Pakistan: Pressures piles on Musharraf to step down as president


JF-Expert Member
Feb 11, 2007
Pakistan: Pressures piles on Musharraf to step down as president

Declan Walsh in Islamabad,
Thursday June 5 2008

Pakistan's president, Pervez Musharraf, is coming under increasing pressure to step aside. Photograph: EPA

Nobody knows how or when, but according to a growing consensus inside Pakistan, Pervez Musharraf's days as president are slowing coming to an end.

A flurry of political tirades, aggressive news reports and changes to sensitive army positions have fuelled speculation that Musharraf is considering retirement.

The talk has hit the streets, where rumours are rife of frenetic bag-packing and a newly arrived jet to whisk Musharraf into foreign retirement. Stock prices dived last week as a result of the rumours.

Musharraf aides, meanwhile, insist their boss is going nowhere. "This is absolute lies.
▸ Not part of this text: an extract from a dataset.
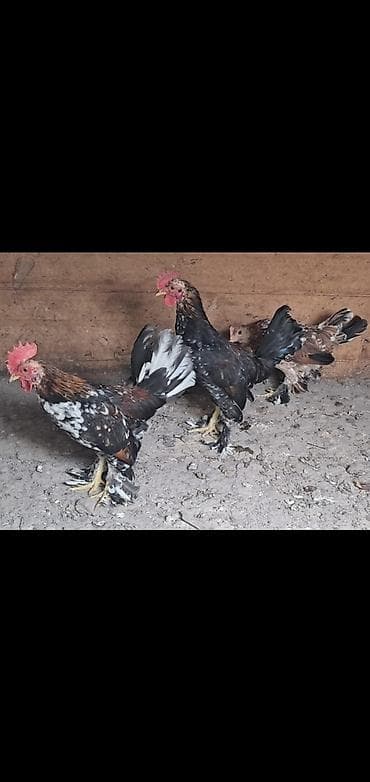 alabay itleri satisi: Yaponkalar satilir. 1 ri 15 manat. 2 si xoruzdu biri maya. Bərdədi — 1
He's not packed even his golf bag," said his spokesman Rashid Qureshi.

Qureshi, a long-time loyalist, said Musharraf was being smeared by the Jang group, a media conglomerate whose television stations were temporarily shut by Musharraf last year.

And he rejected fresh demands by the Ex-Servicemen's Association - which includes several retired generals -- that Musharraf should stand trial for treason. "They represent a miniscule percentage of officers," he said. "Its all a rumour factory now."

What's certain is that Musharraf faces a widening array of foes including several powerful figures.

Asif Zardari, the leader of the ruling Pakistan People's Party, recently floated a package of reforms that would strip Musharraf of his powers.

The increasingly popular Nawaz Sharif, who was ousted by Musharraf in 1999, issued an emotional outburst calling him a "traitor".

Pakistan's lawyers are adding to Musharraf's problems and plan to march on parliament next week. If that fails to dislodge the president, they say, they will converge on his residence.

The strife is distracting the government from pressing issues, such as militant violence and a plunging economy. Musharraf's military comrades may also be losing patience.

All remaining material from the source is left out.